* **What the exercise asks**
Return every line of the data below exactly, but do not include the images.

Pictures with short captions
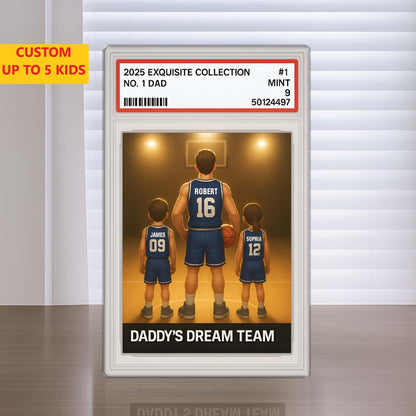 No. 1 Dad & Kids Basketball Trading Card Style, Custom Acrylic Block Plaque, Father's Day Gift, Custom Figure Family Acrylic Block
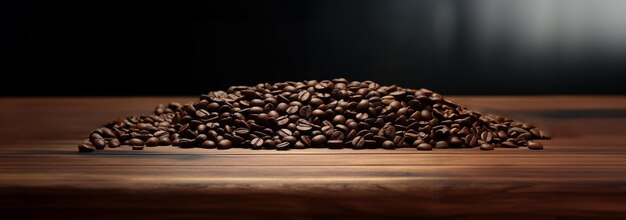 Piles of coffee on wooden table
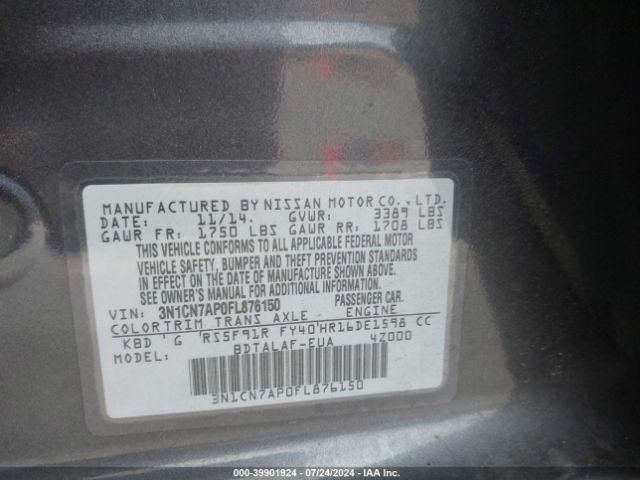 3N1CN7AP0FL876150 Nissan Versa 1.6 S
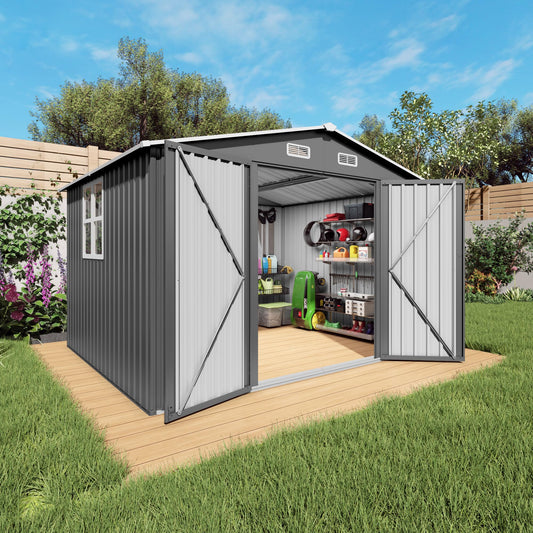 Vigo huseeo 10x8x6.4FT Outdoor Storage Shed, Galvanized Steel Garden Shed with Lockable Door & Window, Waterproof Metal Tool Storage for Garden, Backyard, Patio, Lawn(Grey)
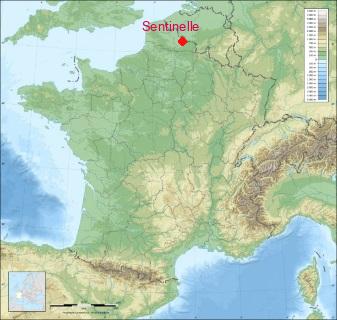 Situation de La Sentinelle sur la carte de France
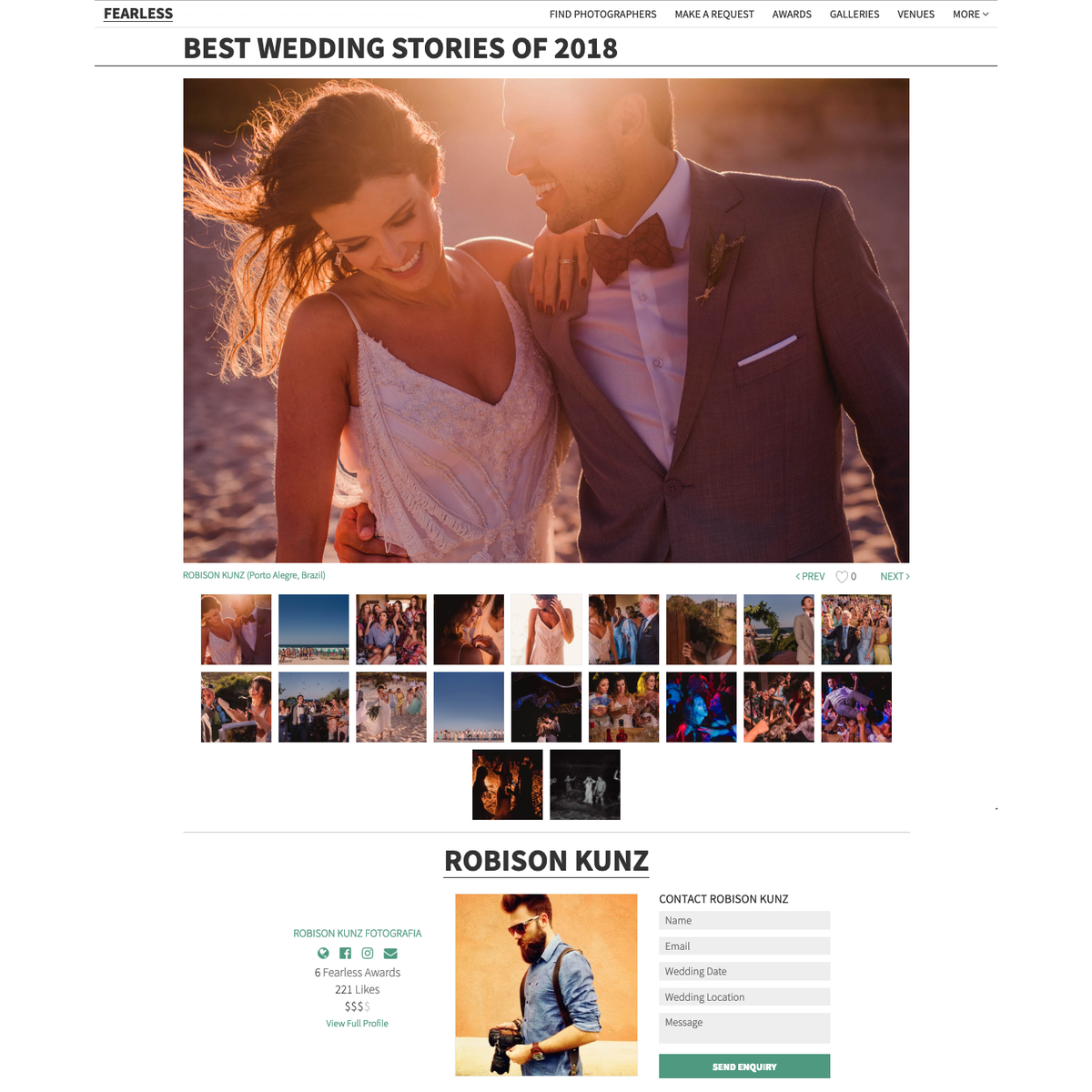 robison kunz premiado entre os melhores fot&oacute;grafos de casamento do mundo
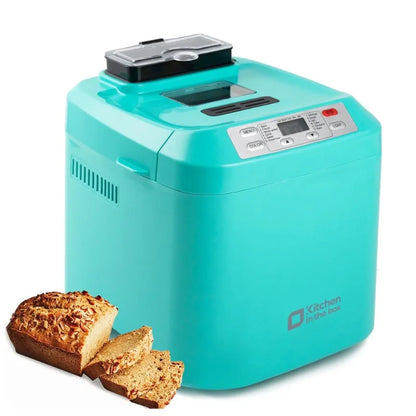 Kitchen in the Box 2lb Bread Maker with Auto Fruit Nut Dispenser, 12-in-1 Programmable Bread Machine, Gluten-Free Setting, 13H Delay Timer, Non-Stick Pan, Compact Design
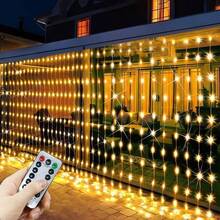 Luces de cortina LED con 8 modos, alimentadas por USB, luces de ambiente para boda, Año Nuevo, Día de San Valentín, dormitorio, sala de estar, decoración de pared, cumpleaños, fiesta, decoración de ventana interior (control remoto no incluido con batería) - Luz de cortina USB - Ver 7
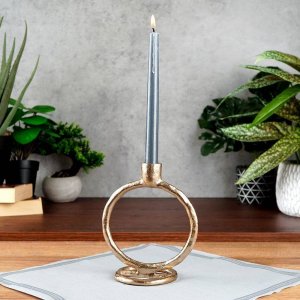 Home Styling Collection Świecznik na długą świeczkę aluminiowy złoty 19 cm 2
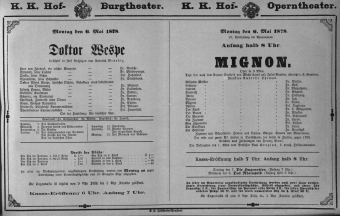Theaterzettel (Oper und Burgtheater in Wien) 18780506 Seite: 1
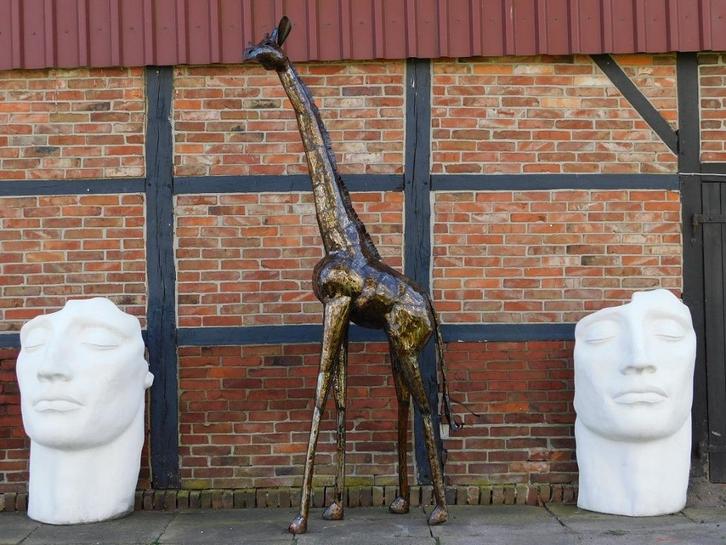 Giraffe Zola - 290 cm - Handgemaakt en Uniek, Tuin en Terras, Tuinbeelden, Metaal, Ophalen of Verzenden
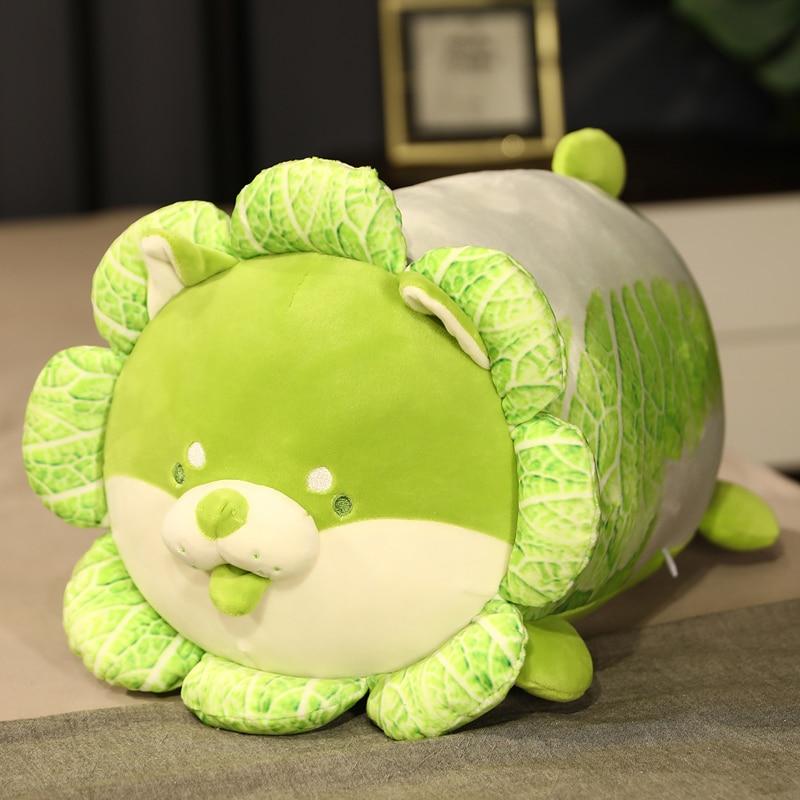 Adorable green cabbage Shiba Inu plush toy; soft plush fabric, PP cotton filling, 10"x8" sitting, 12"x6" lying.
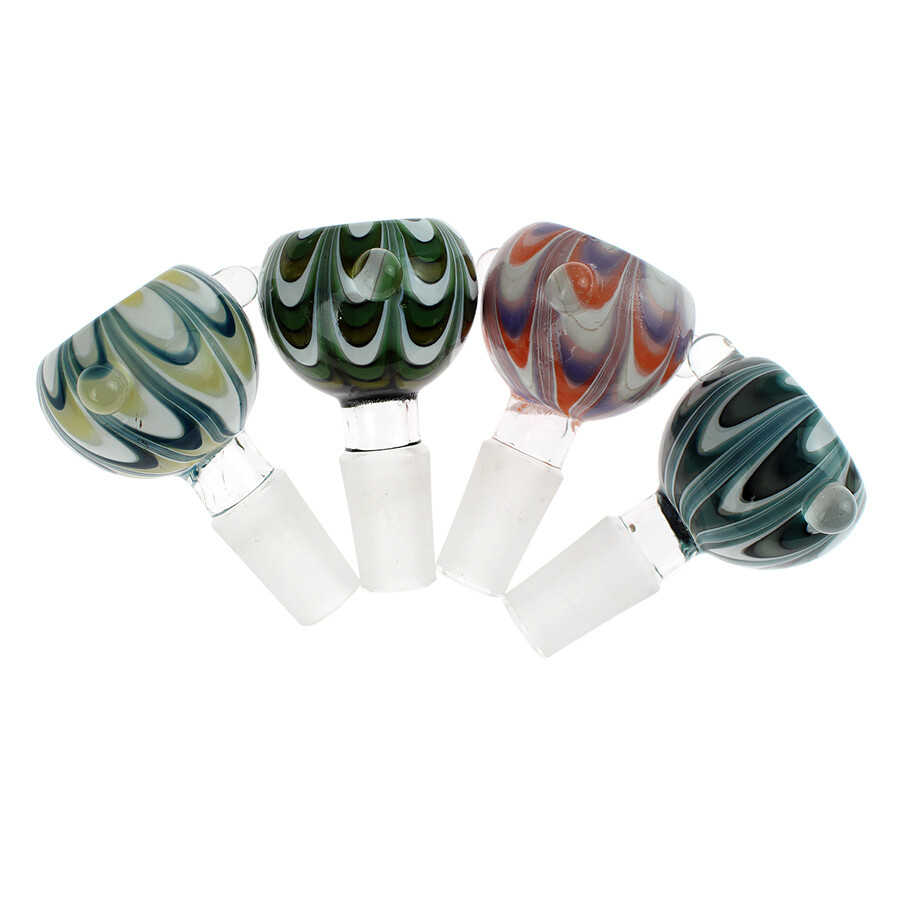 2pcs Glass Slide Male Bowl Thick 14mm Joint for Bong Tobacco Pipe Hookah Random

* **Written answer**
 No. 1 Dad & Kids Basketball Trading Card Style, Custom Acrylic Block Plaque, Father's Day Gift, Custom Figure Family Acrylic Block
 Piles of coffee on wooden table
 3N1CN7AP0FL876150 Nissan Versa 1.6 S
 Vigo huseeo 10x8x6.4FT Outdoor Storage Shed, Galvanized Steel Garden Shed with Lockable Door & Window, Waterproof Metal Tool Storage for Garden, Backyard, Patio, Lawn(Grey)
 Situation de La Sentinelle sur la carte de France
 robison kunz premiado entre os melhores fot&oacute;grafos de casamento do mundo
 Kitchen in the Box 2lb Bread Maker with Auto Fruit Nut Dispenser, 12-in-1 Programmable Bread Machine, Gluten-Free Setting, 13H Delay Timer, Non-Stick Pan, Compact Design
 Luces de cortina LED con 8 modos, alimentadas por USB, luces de ambiente para boda, Año Nuevo, Día de San Valentín, dormitorio, sala de estar, decoración de pared, cumpleaños, fiesta, decoración de ventana interior (control remoto no incluido con batería) - Luz de cortina USB - Ver 7
 Home Styling Collection Świecznik na długą świeczkę aluminiowy złoty 19 cm 2
Theaterzettel (Oper und Burgtheater in Wien) 18780506 Seite: 1
 Giraffe Zola - 290 cm - Handgemaakt en Uniek, Tuin en Terras, Tuinbeelden, Metaal, Ophalen of Verzenden
 Adorable green cabbage Shiba Inu plush toy; soft plush fabric, PP cotton filling, 10"x8" sitting, 12"x6" lying.
 2pcs Glass Slide Male Bowl Thick 14mm Joint for Bong Tobacco Pipe Hookah Random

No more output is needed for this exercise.